Für mehr sind die Unterschiede offenbar noch zu groß – auch in den Liturgien, wie Theologe Hoping erklärt. So lehne die Evangelische Kirche das Priesteramt ab. Die katholische Kirche dagegen erkenne die Eucharistiefeier – die es in der Form bei den Protestanten nicht gibt, sie feiern das Abendmahl – nur an, wenn sie von einem ordinierten Priester gehalten wird.

"Luther hat gemeint, dass das Papsttum vom Teufel sei." Helmut Hoping
Der größte Streitpunkt aber bleibt wohl die Reformation. "Luther hat gemeint, dass das Papsttum vom Teufel sei", so Hoping, der auf frühere Gedenktage zur Reformation verweist, die oft antikatholisch geprägt gewesen seien. Dass für Katholiken die Reformation noch schmerzlich sei, könne er verstehen, sagt Engelhardt.

Aus Platzgründen nun im Stadttheater

Der Gottesdienst soll nun – auch aus Platzgründen – im Stadttheater stattfinden. Selbst in die große frisch renovierte Christuskirche in der Wiehre passen Engelhardt zufolge nur bis zu 500 Menschen.
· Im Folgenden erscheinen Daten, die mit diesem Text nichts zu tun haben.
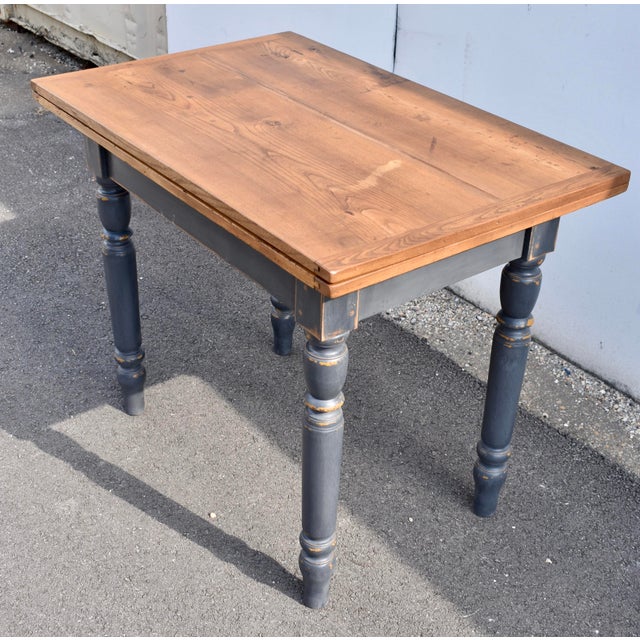 Pine Turned Leg Swivel-Top Table For Sale In Baltimore - Image 6 of 9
Im Stadttheater sei für knapp doppelt so viele Platz. Zudem sei die Reformation ein guter Anlass, die Kirche "raus in die Welt" zu bringen.

Für viele Katholiken ist ein Gottesdienst in ungeweihten Räume ein No-Go: "Wir würden nicht in einem Theater das Fest Kathedra Petri feiern", so Hoping. Trotzdem hat Stadtdekan Gaber bereits sein Mitwirken zum Reformationsjubiläum zugesagt.